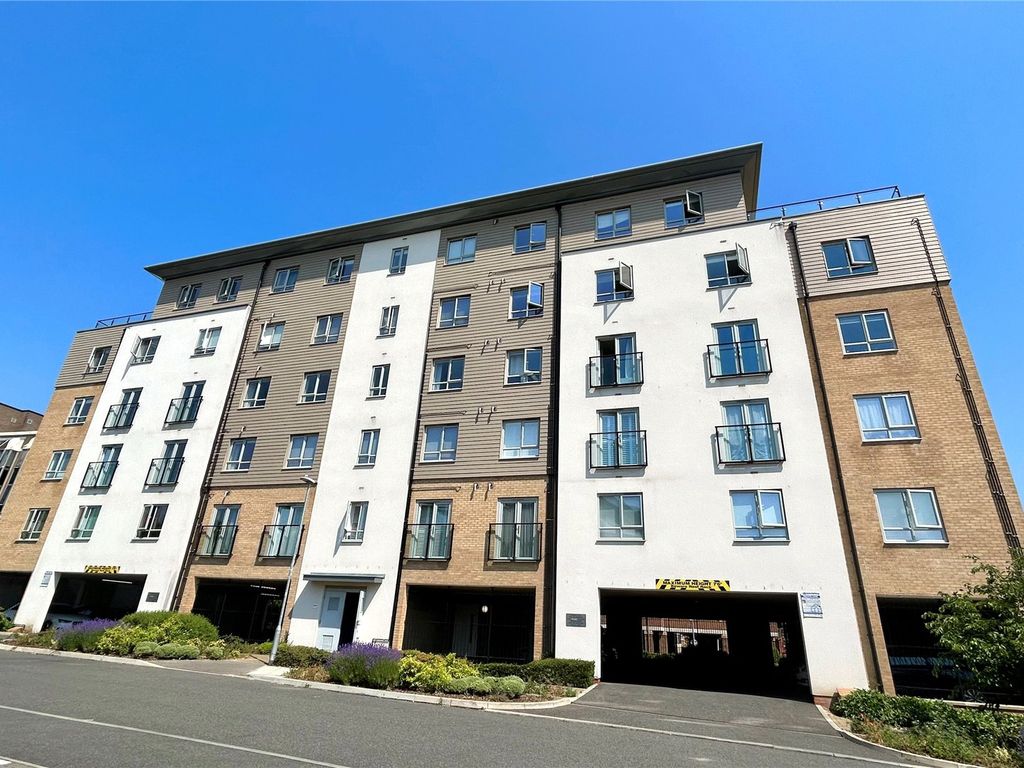 1 bed flat for sale in Fleming Place, Bracknell, Berkshire RG12, £210,000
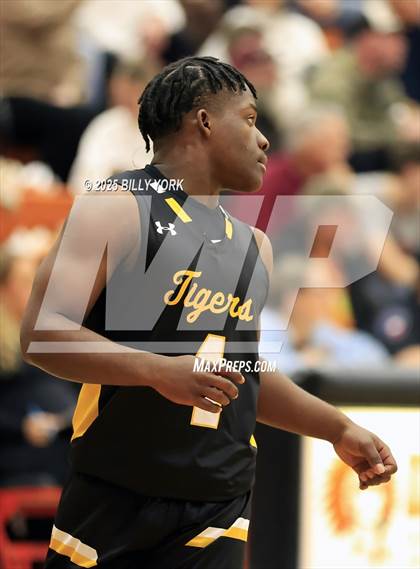 Thumbnail 1 in Grand Saline vs Malakoff photogallery.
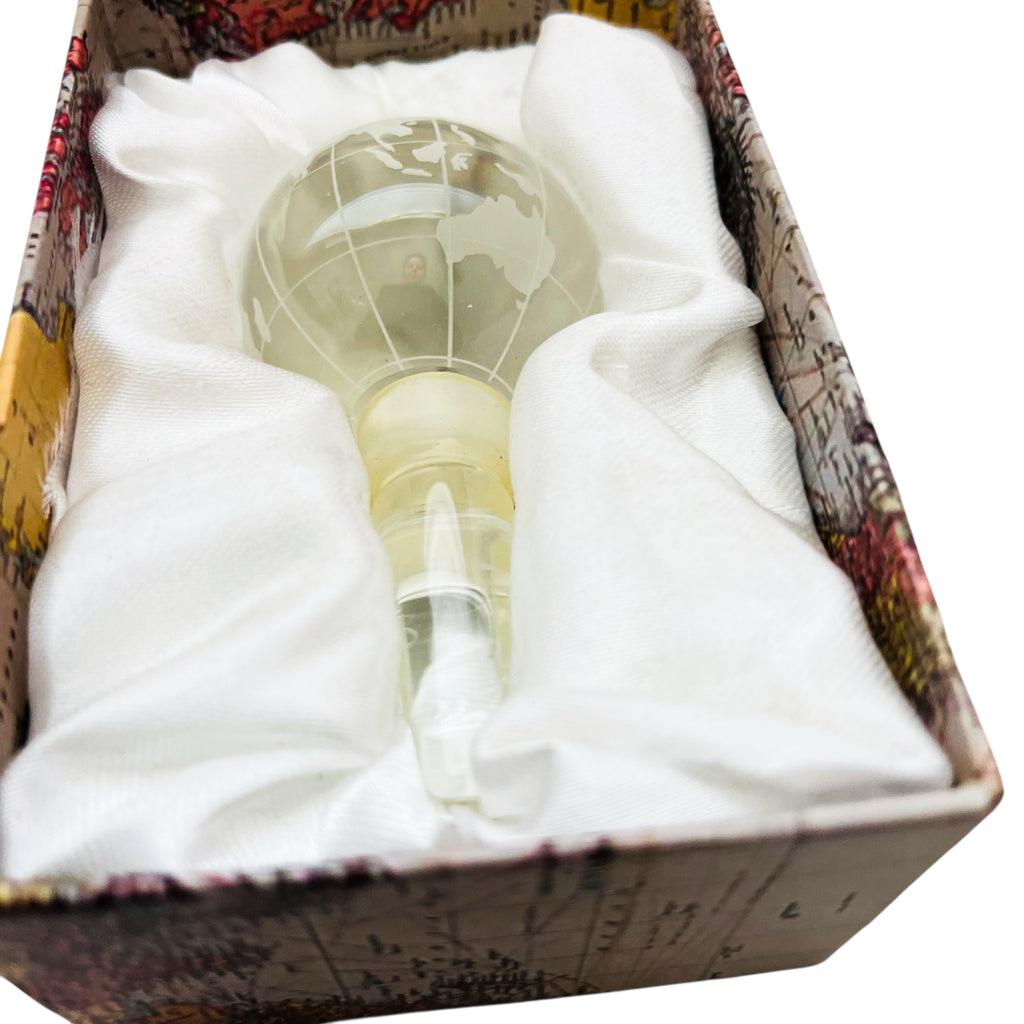 Oleg Cassini Crystal Clear Frosted Globe Bottle Stopper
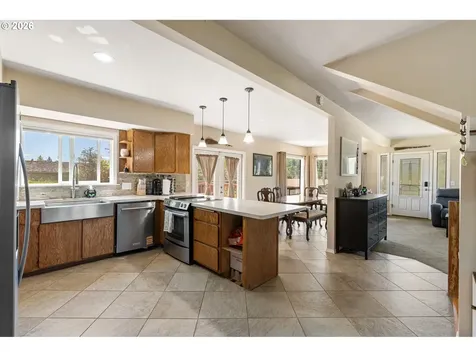 1122 SE 1st Street Winlock WA 98596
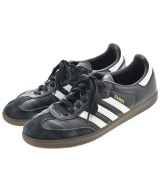 adidas スニーカー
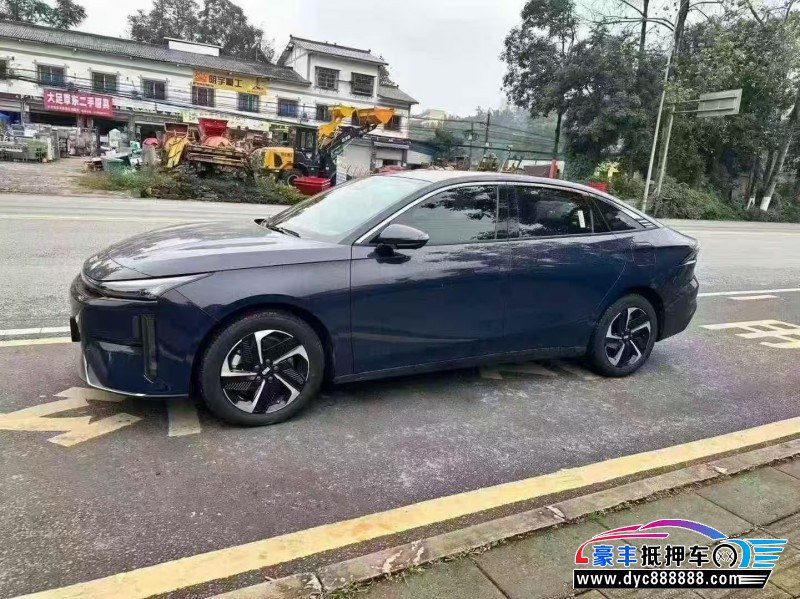 24年吉利银河L6轿车抵押车出售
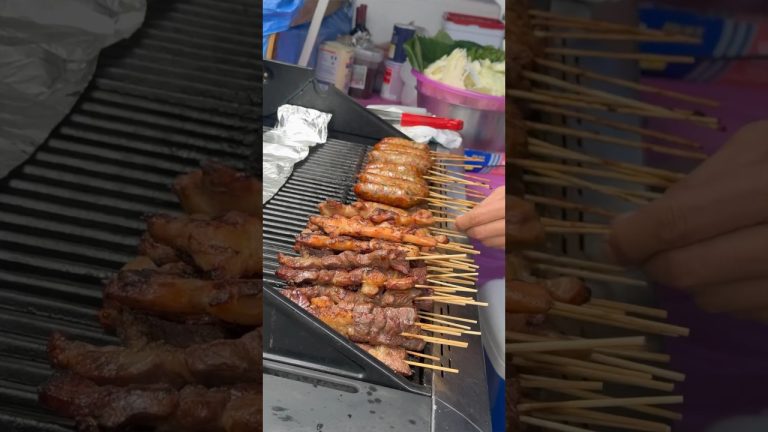 Lao Street Food in Texas | Papaya Salad | BBQ | Sausages | Sticky Rice | Steam Chicken Laos Mukbang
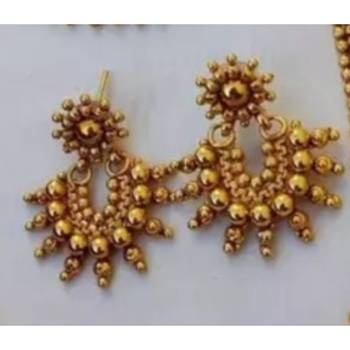 Gold plated traditional kundan pearl choker jewellery set for women 2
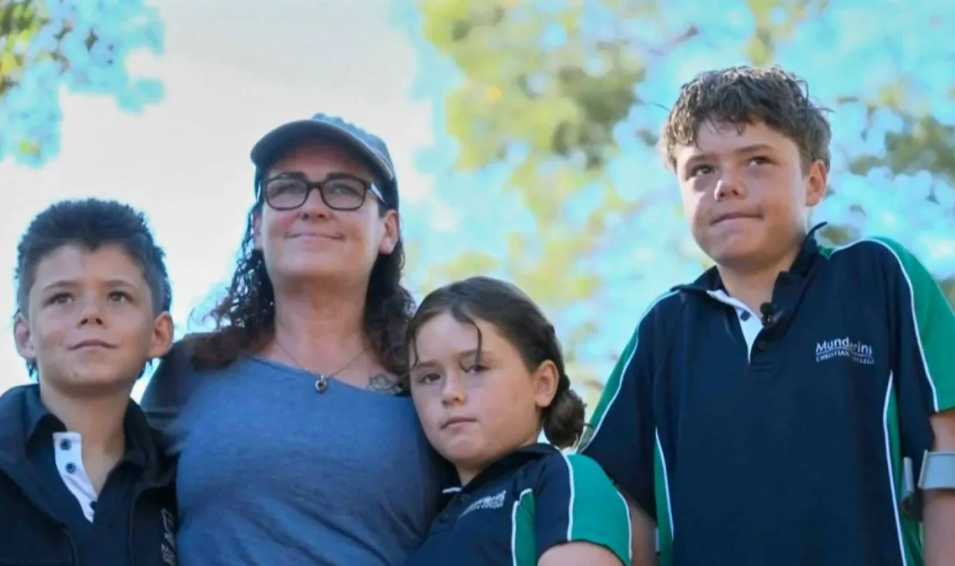 مراهق أسترالي يسبح 4 ساعات في عرض البحر لإنقاذ عائلته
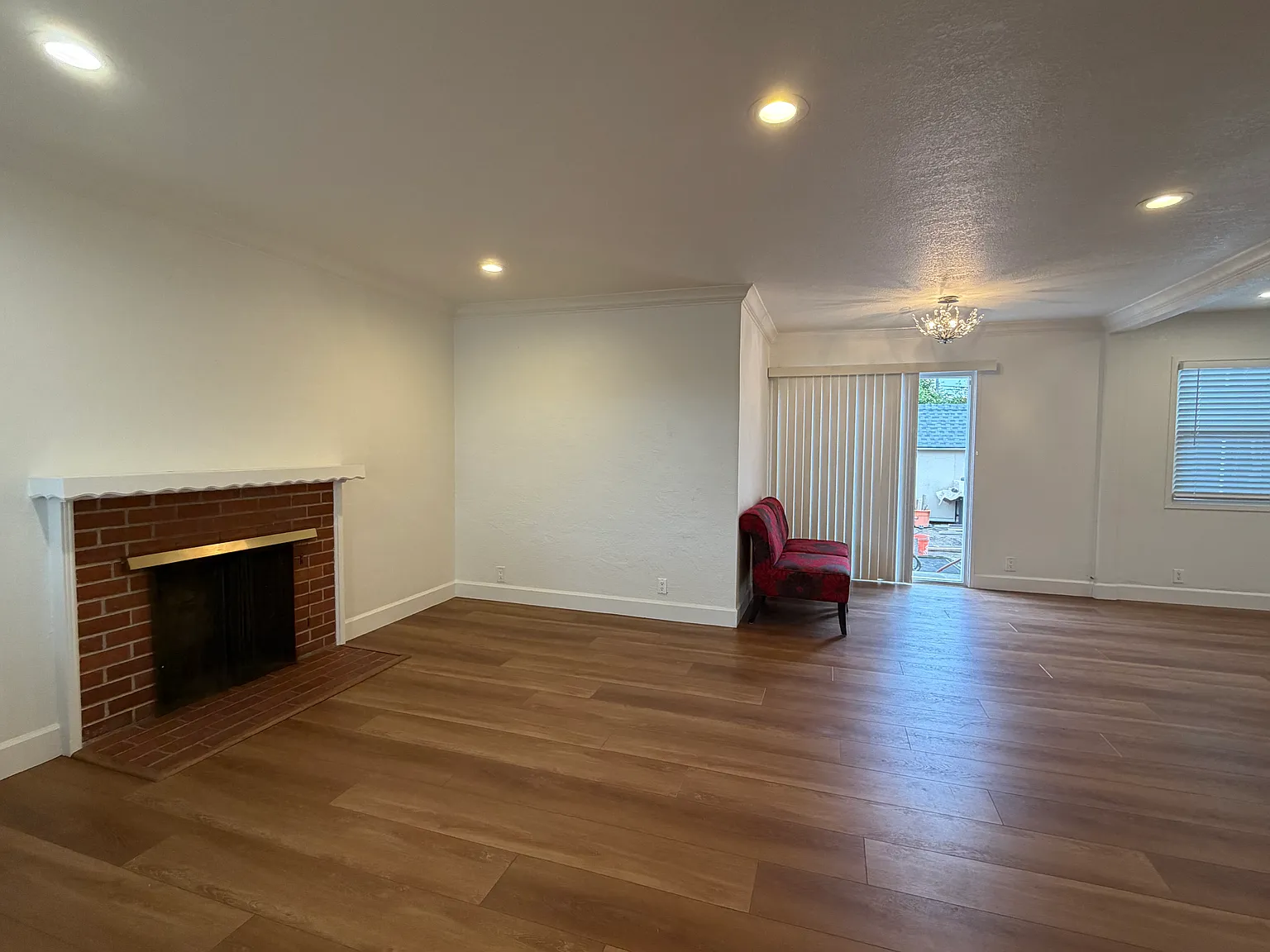 3 bed, 1000 sqft, $3,600 — Photo 3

**Problem description**
Please output the listing above in full, exactly as given, without its images.

**Output of the task**
 1 bed flat for sale in Fleming Place, Bracknell, Berkshire RG12, £210,000
 Thumbnail 1 in Grand Saline vs Malakoff photogallery.
 Oleg Cassini Crystal Clear Frosted Globe Bottle Stopper
 1122 SE 1st Street Winlock WA 98596
 adidas スニーカー
 24年吉利银河L6轿车抵押车出售
 Lao Street Food in Texas | Papaya Salad | BBQ | Sausages | Sticky Rice | Steam Chicken Laos Mukbang
 Gold plated traditional kundan pearl choker jewellery set for women 2
 مراهق أسترالي يسبح 4 ساعات في عرض البحر لإنقاذ عائلته
 3 bed, 1000 sqft, $3,600 — Photo 3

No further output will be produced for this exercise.